From the records below, return every line containing the word "einse".

Listed records:
====

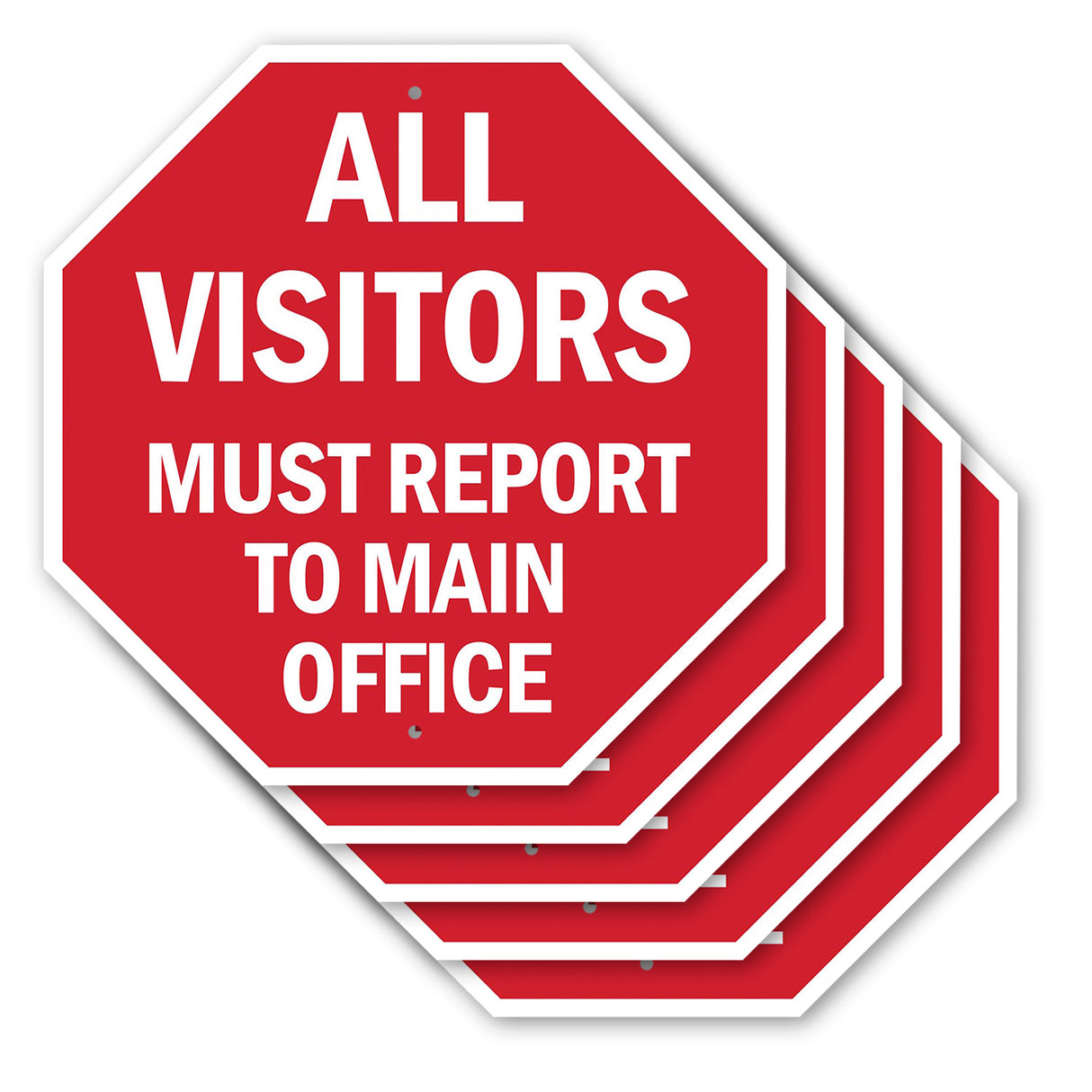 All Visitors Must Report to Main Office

====

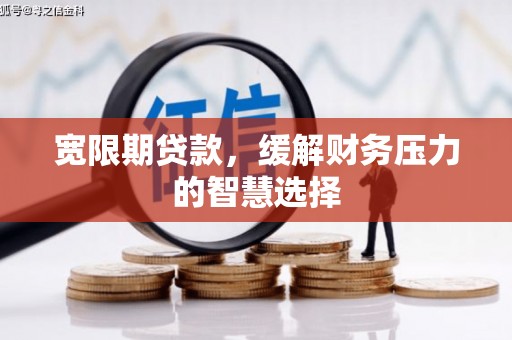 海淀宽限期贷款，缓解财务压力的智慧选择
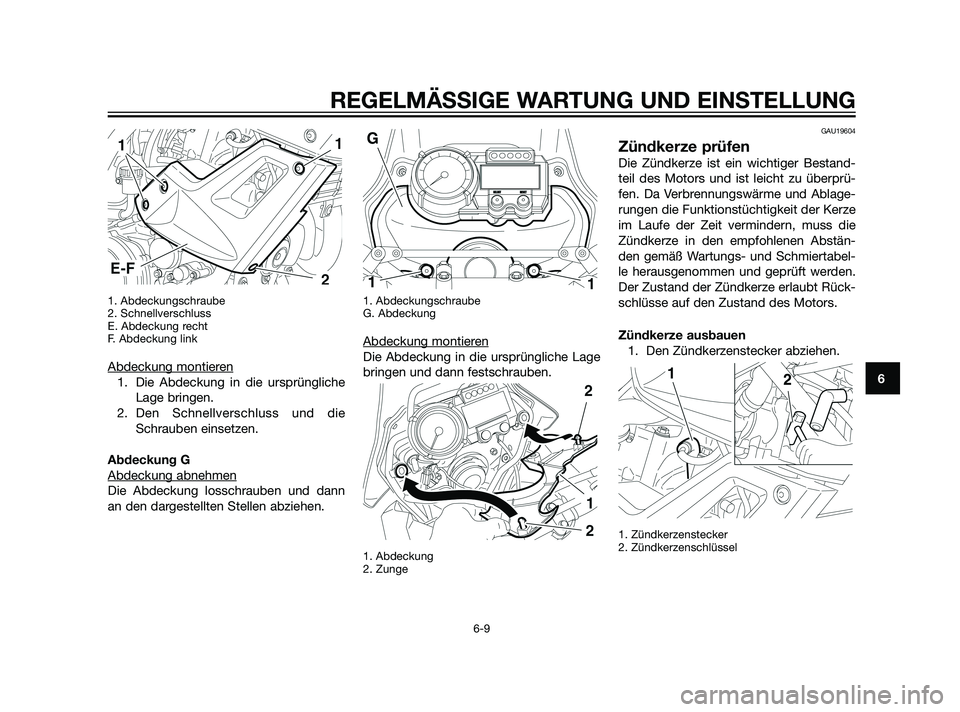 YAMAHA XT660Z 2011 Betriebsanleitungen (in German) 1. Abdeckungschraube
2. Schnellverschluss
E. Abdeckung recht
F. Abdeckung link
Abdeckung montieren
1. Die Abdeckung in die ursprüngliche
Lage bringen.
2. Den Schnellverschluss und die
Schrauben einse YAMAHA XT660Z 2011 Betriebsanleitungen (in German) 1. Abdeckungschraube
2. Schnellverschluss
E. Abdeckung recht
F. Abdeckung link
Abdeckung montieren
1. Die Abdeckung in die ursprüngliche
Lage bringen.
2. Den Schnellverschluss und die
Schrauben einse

====

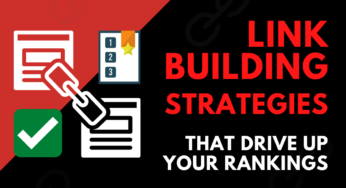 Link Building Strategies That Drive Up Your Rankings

====

Answer area:
Schrauben einse YAMAHA XT660Z 2011 Betriebsanleitungen (in German) 1. Abdeckungschraube
Schrauben einse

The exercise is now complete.